There Are Major Issues and Risks
US digital currency benefits are balanced by significant issues and risks. Some questions:
- What a US digital currency will be: Interest-bearing or non-interest-bearing? Attributes that change over time?
- Technology: What technology will be used? Will it be bullet-proof? What if it is hacked? “But if [the Fed] ever did [offer a CBDC], nine out of the top 10 requirements would pertain to security, said Bob Bench, director of Applied Fintech Research at the Boston Fed. “Because the second that thing goes live,” he said, “it’s the most attacked program in the world”

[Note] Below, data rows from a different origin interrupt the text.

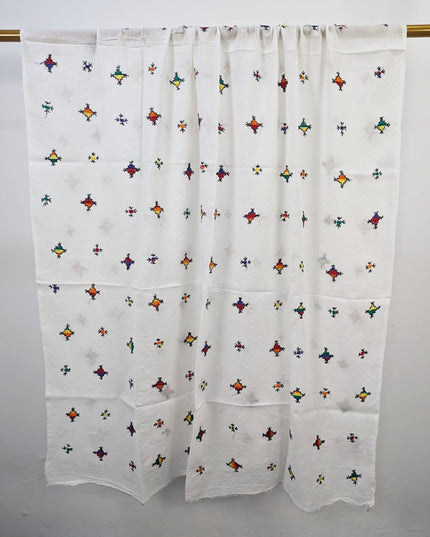 Fancy Lawn with Handmade Kacha Tanka Work Dupatta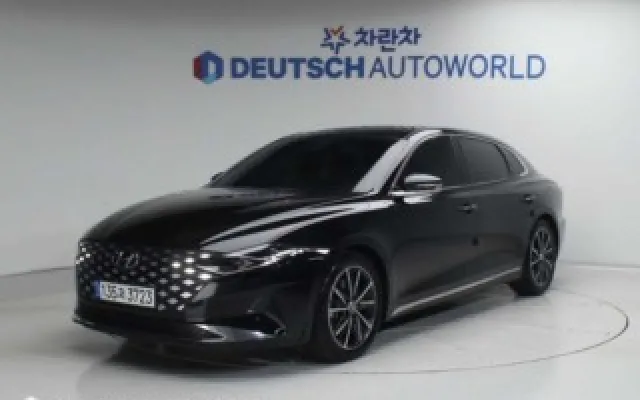 인천차동차중고 더 뉴 그랜저 IG 2.5 익스클루시브 매물 사진 2 - 2022/02 72,124km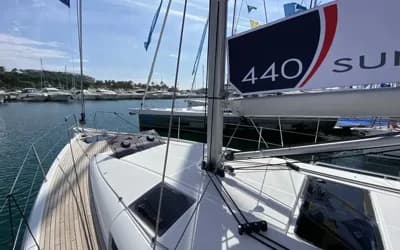 Jeanneau Sun Odyssey 440 3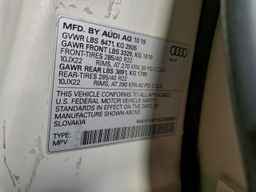2020 AUDI Q8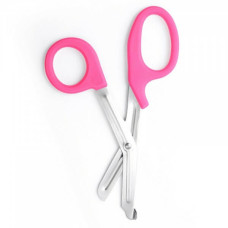 Pink Utility scissor 7.5"
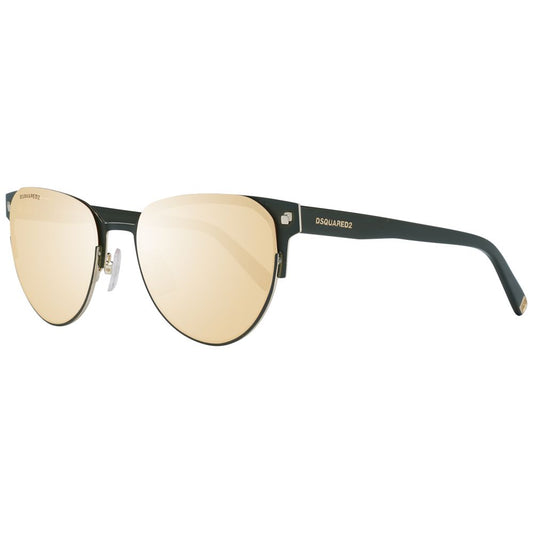 Dsquared² Schwarze Frauen Sonnenbrille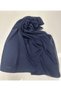 Design Stone Blue Shawl (SILVER STONE)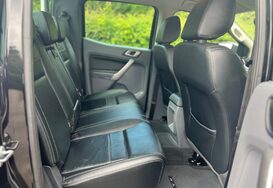 Ford Ranger 3.2 LIMITED 4X4 TDCI DOUBLE CAB PICKUP 21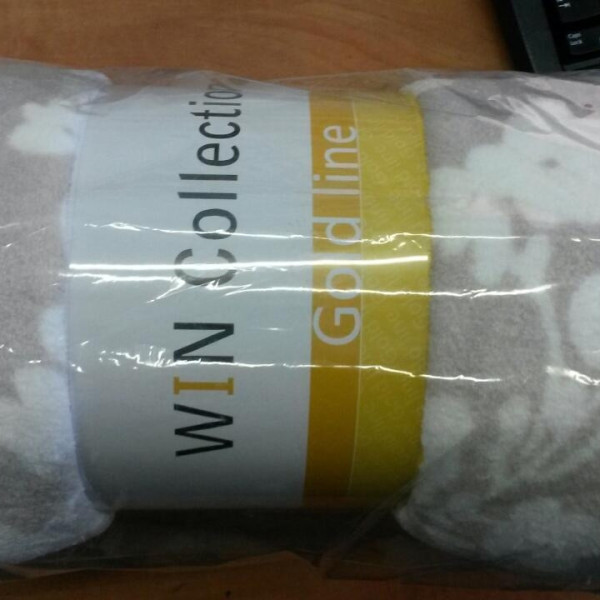 Плед мікрофібра Ніжність напівторний розмір 150*200 Плед мікрофібра Ніжність напівторний розмір 150*200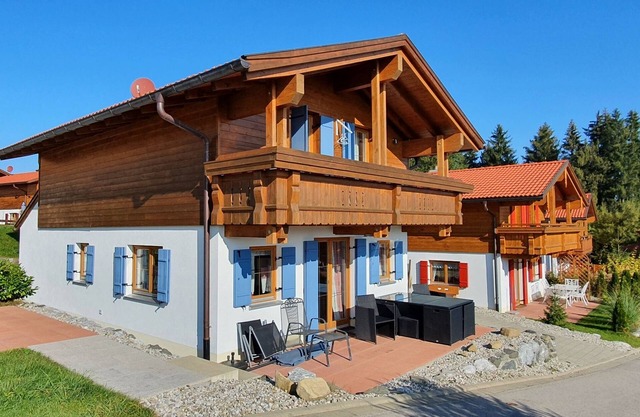 Feriendorf Claudia Lechbruck 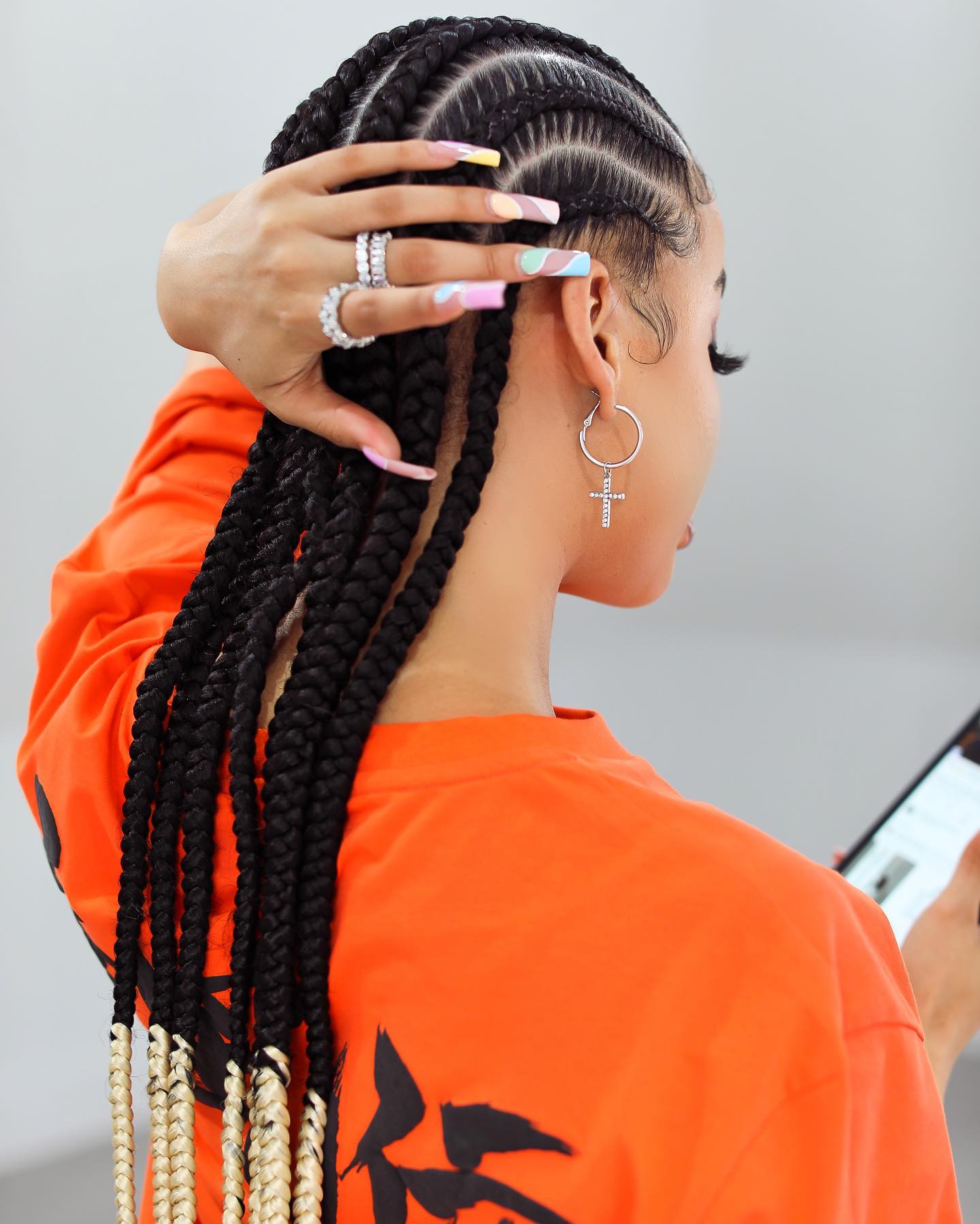 natural hairstyles for black women+do it yourself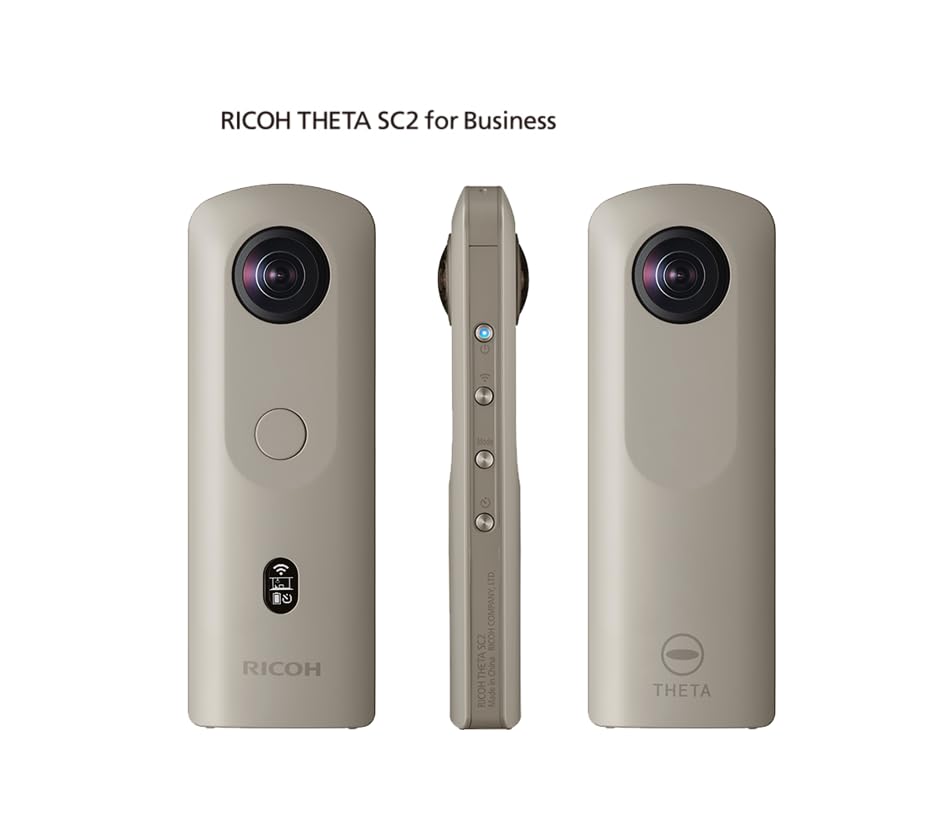 Foto 6 pulgar | Cámara 360° Ricoh Theta Sc2 Business Edition - Venta Internacional.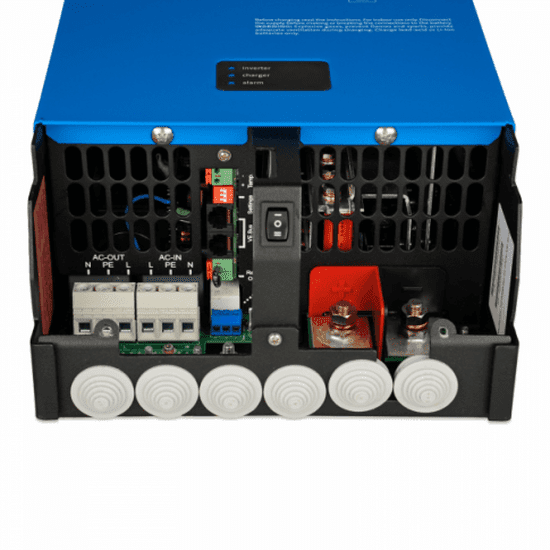 Victron Multiplus 2000VA 12V Inverter With 80A Charger 12/2000/80-32 230V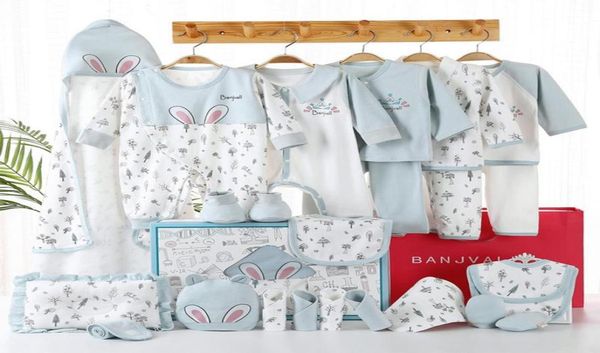 17 pcs newborn baby clothes winter 100 cotton infant suit baby boy girl clothes set outfits pants clothing hat bib6053746, White
17 pcs newborn baby clothes winter 100 cotton infant suit baby boy girl clothes set outfits pants clothing hat bib6053746, White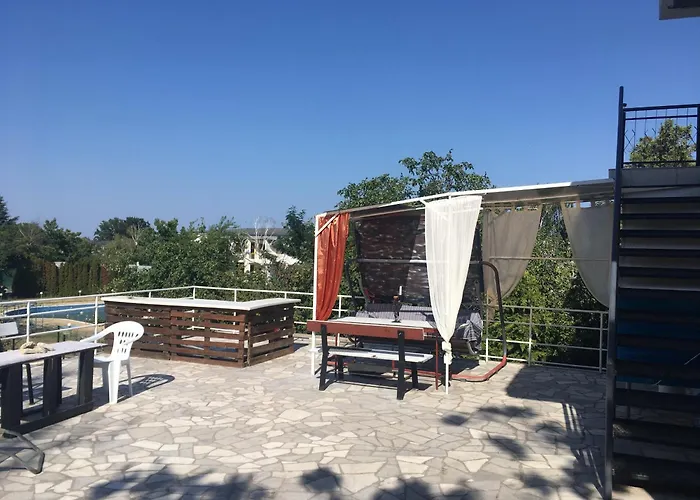 Surf House Rose I Po3a L 3*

- Privacy: In addition to a cash being bearer IOU to the US government, a key value is the cash is anonymous. Will consumers and business care if the government can track their spending? In real-time? (Hint: Many people will answer: YES!)
- Consumer behavior: In times of crisis, will consumers run to a digital currency, causing banks to fail?
- Usability: Software and/or hardware? Will the product be easy to use? Is the account recoverable if the password is lost?
- Security: How will security, spam, and fraud be handled?
- Inclusion/access: In 2018 22% of US consumers were unbanked or underbanked. 23% of seniors do not have a mobile phone. What about these users?
It is my opinion that non-US consumer CBDCs will appear within the next year. In the US – within the next three years?
Central banks will take a measured approach but the advantages of CBDCs are hard to ignore. Consequently, many countries are investigating central bank digital currencies. For example, Peru tried it (and failed). Venezuela is trying and failing. More experiments are coming such as China, the Marshall Islands, the Bank of Korea, and Singapore.
What is the Impact on the Finance Industry?
There are many questions. Will a digital dollar dis-intermediate financial services firms or make them more efficient and profitable? Key factors – will the Fed offer services directly to consumers or via the existing banking system / financial institutions? Will customers want banks to be the intermediary for Fed digital dollar deposits? Or will customers want to deal with the Fed directly? For what services will digital dollars be used? Enough for a future post 😉
What Should I Do?
Corporations and local governments need to consider the benefits and risks of a digital-based on their specific situation. Therefore over time these entities should consider separating their financial processes from specific financial services providers to take advantage of the potentially lower costs of digital currency.
Financial services businesses need to completely be on top of the Fed and US Treasury moves in this area – a US digital dollar is a business-model buster for some financial services lines of business.
There is nothing for consumers to do right now. However, this is different for consumer advocacy and privacy groups. There are tremendous issues regarding privacy, government data, and inclusion.